Given records:
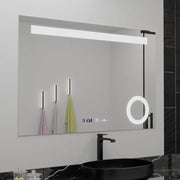 Specchio rettangolare a LED, 120x80 cm, ABSOLU MotionGlow Marcello, sistema di disappannamento, orologio e termometro, lente d'ingrandimento cosmetica, specchi dimmerabili Marcello Titolo predefinito Alessandro Design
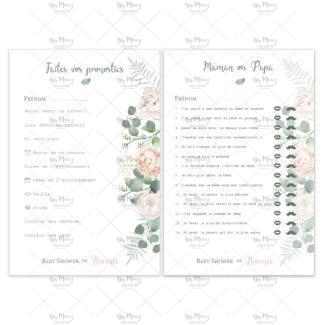 MMEZ CREAZIONI - AFFICHE BABY SHOWER PERSONNALISE FLEURIE BOHEME - JEUX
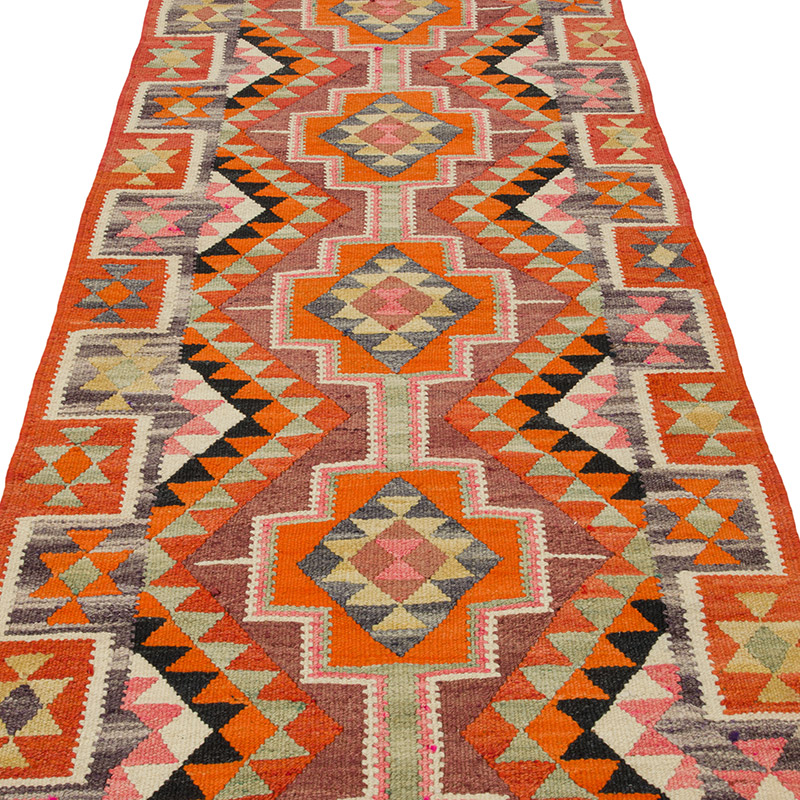 Vintage Herki Kilim Runner - 3' 1" x 11' 3" (37" x 135") - K0085779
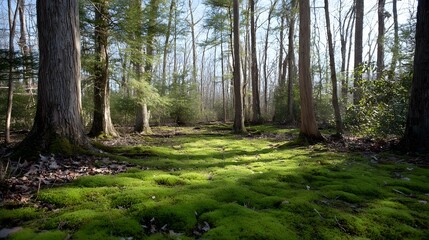 Fototapeta premium Sunlit forest floor carpeted in vibrant green moss illuminated by d d light filtering through trees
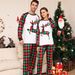 Christmas Family dress Christmas Family home dress plaid fawn print round neck pajamas set_viptrois.com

Work to complete:
Everything in the records above should be retyped exactly except the pictures.

Output below:
 Specchio rettangolare a LED, 120x80 cm, ABSOLU MotionGlow Marcello, sistema di disappannamento, orologio e termometro, lente d'ingrandimento cosmetica, specchi dimmerabili Marcello Titolo predefinito Alessandro Design
 MMEZ CREAZIONI - AFFICHE BABY SHOWER PERSONNALISE FLEURIE BOHEME - JEUX
 Vintage Herki Kilim Runner - 3' 1" x 11' 3" (37" x 135") - K0085779
 Fototapeta premium Sunlit forest floor carpeted in vibrant green moss illuminated by d d light filtering through trees
 Christmas Family dress Christmas Family home dress plaid fawn print round neck pajamas set_viptrois.com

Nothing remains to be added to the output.